His popular 2004 song cycle, "Ayre," presented last week by the Santa Fe Chamber Music Festival, is hard to classify except as a skillful mingling of genres: classical, pop, ethnic. Composed for soprano and an eclectic ensemble, the work mostly uses a mixture of Jewish, Arabic and Christian texts, most of them derived from the poetry and music of southern Spain. (Think Jordi Savall's Hespèrion XX recordings.) Most are medieval in origin. I use all these "mosts" because the most original of Golijov's settings is of the recently deceased, politically involved Palestinian poet Mahmoud Darwish's poem, "Be a String, Water, to My Guitar." Many "Ayre" texts deal with sorrow, exile and loss. Darwish's refrain, "Conquerers come, conquerers go," places the cycle in a poignant contemporary context, especially from a Jewish composer.


Dawn Upshaw, this season's SFCMF artist in residence and the work's soloist, has been associated with "Ayre" from its beginning. She's long been a champion of new compositions, and vocal challenges abound in "Ayre," with the singer required to sing, mutter, intone and speak. Upshaw's glowing middle range was more than up to the task. Golijov's score is notable also for his sophisticated, iridescent instrumentation, often electronically augmented. The concert thrilled its audience at St. Francis Auditorium. Frankly, I'd rather have heard it at Bleecker Street's (le) poisson rouge.
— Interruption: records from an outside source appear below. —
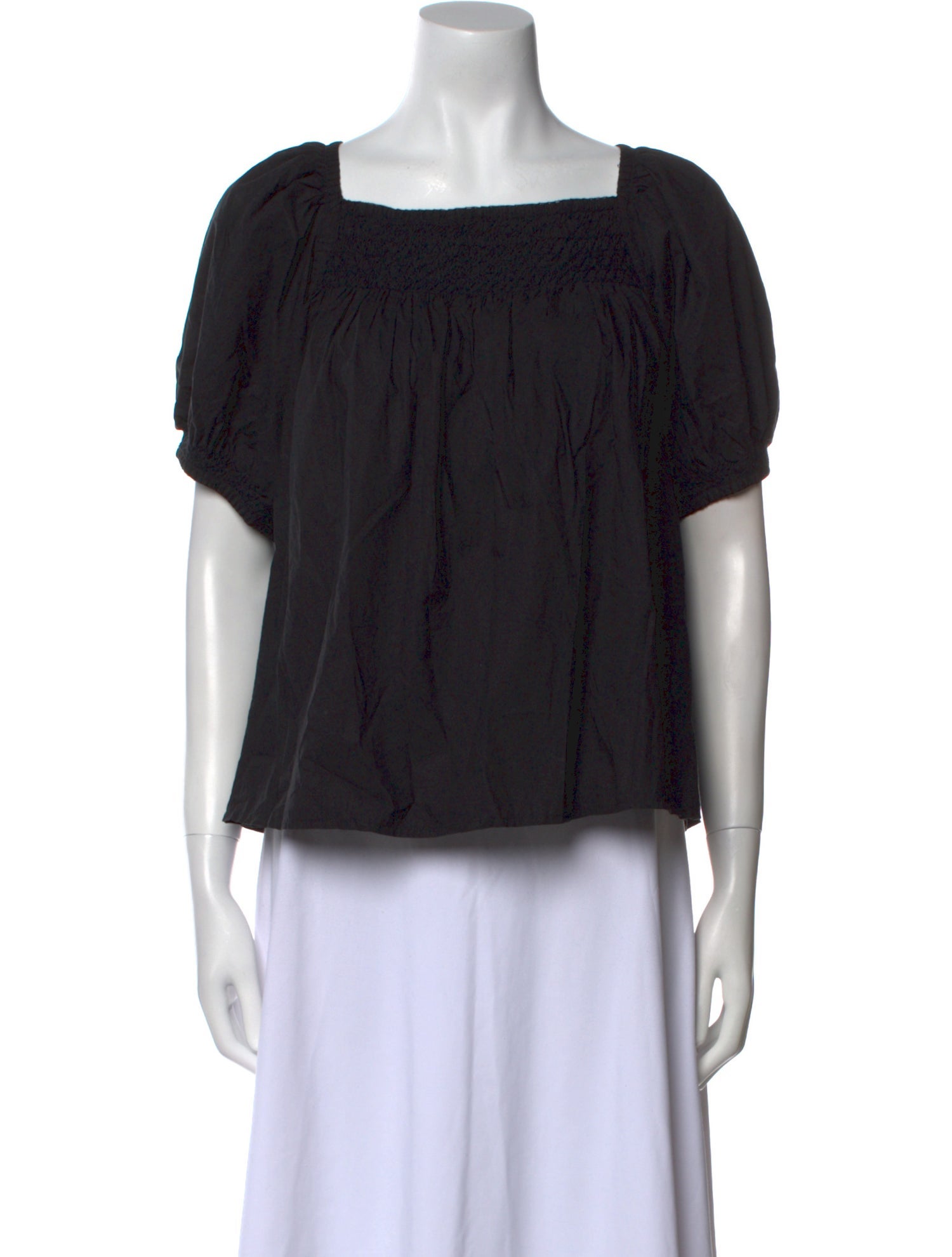 DÔEN Square Neckline Short Sleeve Blouse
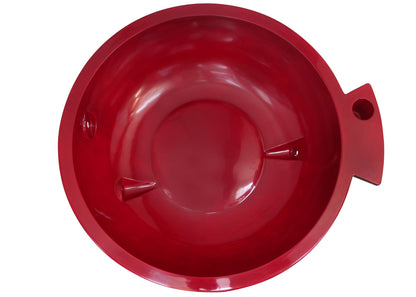 ALFI Brand top view of Red Outdoor Wood-Burning Hot Tub - Luxe Tub Source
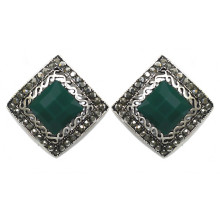 Сережки Fashion Jewelry. Під крапельне срібло. Камені: зелений агат та гематит. Діаметр: 26 мм.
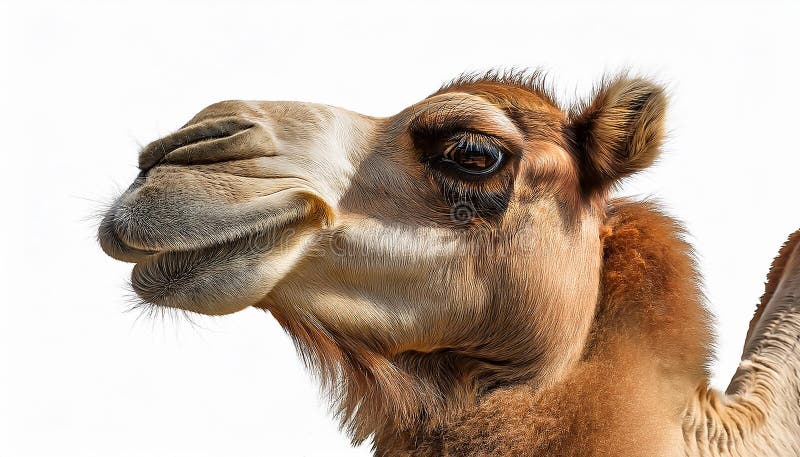 Camel, isolated on a white background, Ultra Realistic royalty free illustration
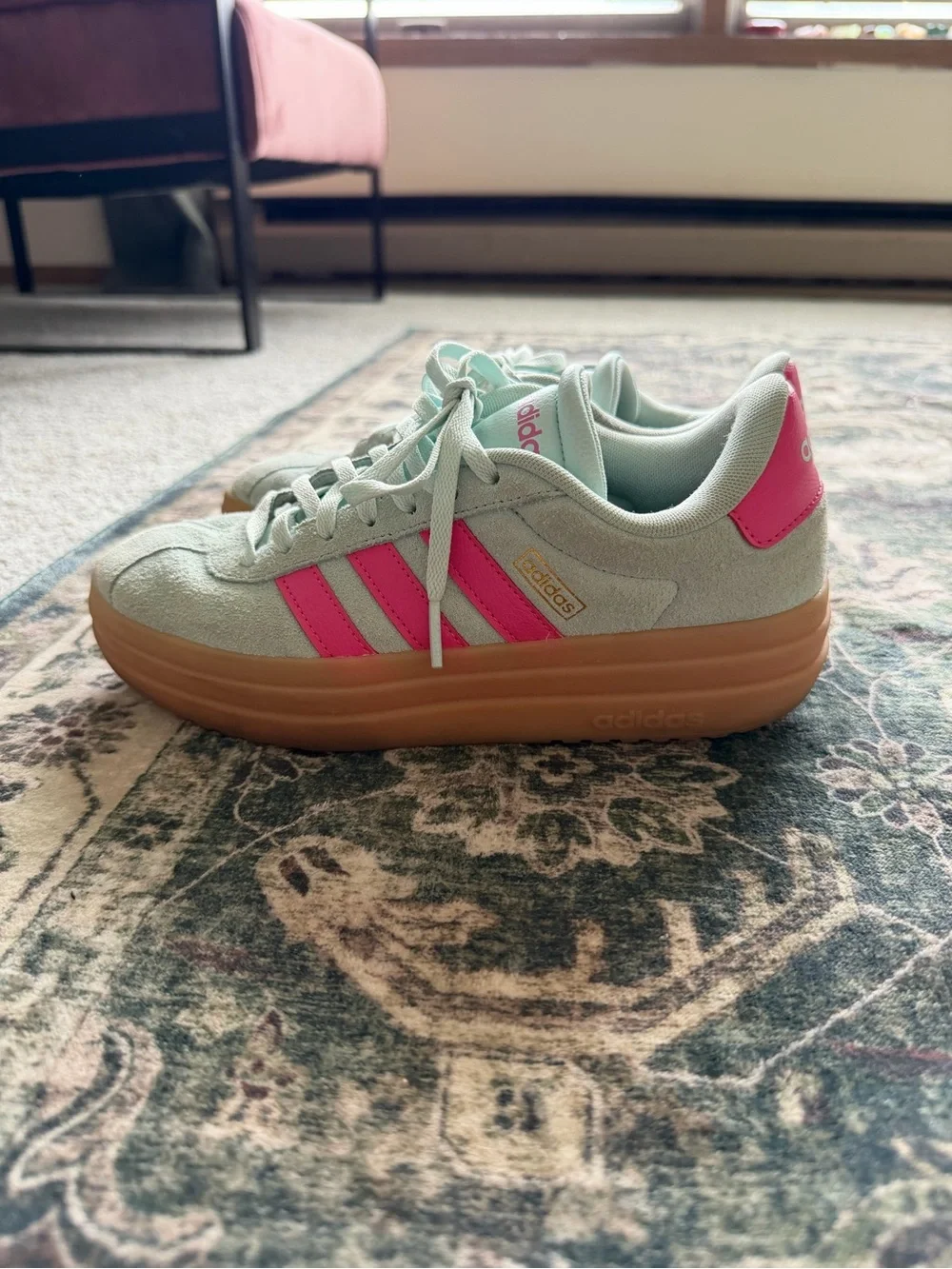 adidas Mint Green Suede Sneakers with Pink Stripes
Remember last year’s Jeremy Denk recital, his lucid commentary upon and performance of the Ives “Concord Sonata”? The man was back this season with what he proclaimed a “perverse” program. Denk opened with Bach’s F-sharp Minor Toccata, a many-sectioned, many-key-signatured touch-piece with a final fugue concluding in F-sharp Major. This gave Denk perverse permission to proceed without pause into the first of the six Ligeti Piano Études, Book One (1985), wittily entitled “Désordre,” also in Bach’s key and also a demanding touch-piece.


Like the Chopin études, each of Ligeti's focuses on a single technical issue: diatonal versus pentatonal pitch fields; blocked-out, unsounded notes; daunting polyrhythms. Also like Chopin, each has a distinct musical personality requiring enormous technical skills. Denk makes nothing of Ligeti's superhuman difficulties. Bringing a surprising (perhaps perverse?) conclusion to the program, Denk's reading of the Beethoven Sonata No. 32, Op. 111, the composer's last, was luminous, fluent, probing.


The SFCMF's Aug. 3 noon concert featured six artists, all borrowed from the Santa Fe Opera's orchestra, in a swell, summery program for piano and winds definitely ranking among those "sounds and sweet airs that give delight and hurt not" that Caliban brags about. The Mozart Quintet for Piano and Winds, K. 452, received a sterling performance from the SFO's chief conductor, Frédéric Chaslin, piano, plus Robert Ingliss, oboe; Todd Levy, clarinet; Theodore Soluri, bassoon; and Gabrielle Finck, horn.


With the composer at the piano, Chaslin’s exuberant “Gypsy Dance” from his 2010 opera, Wuthering Heights, recalled every many-splendored Hungarian rhapsody you’ve ever heard. Flutist Bart Feller joined the ensemble for Poulenc’s hyper-Gallic Sextet for Piano and Winds, in a fearless, effervescent, chic reading that sent all of us smiling into the sunshine.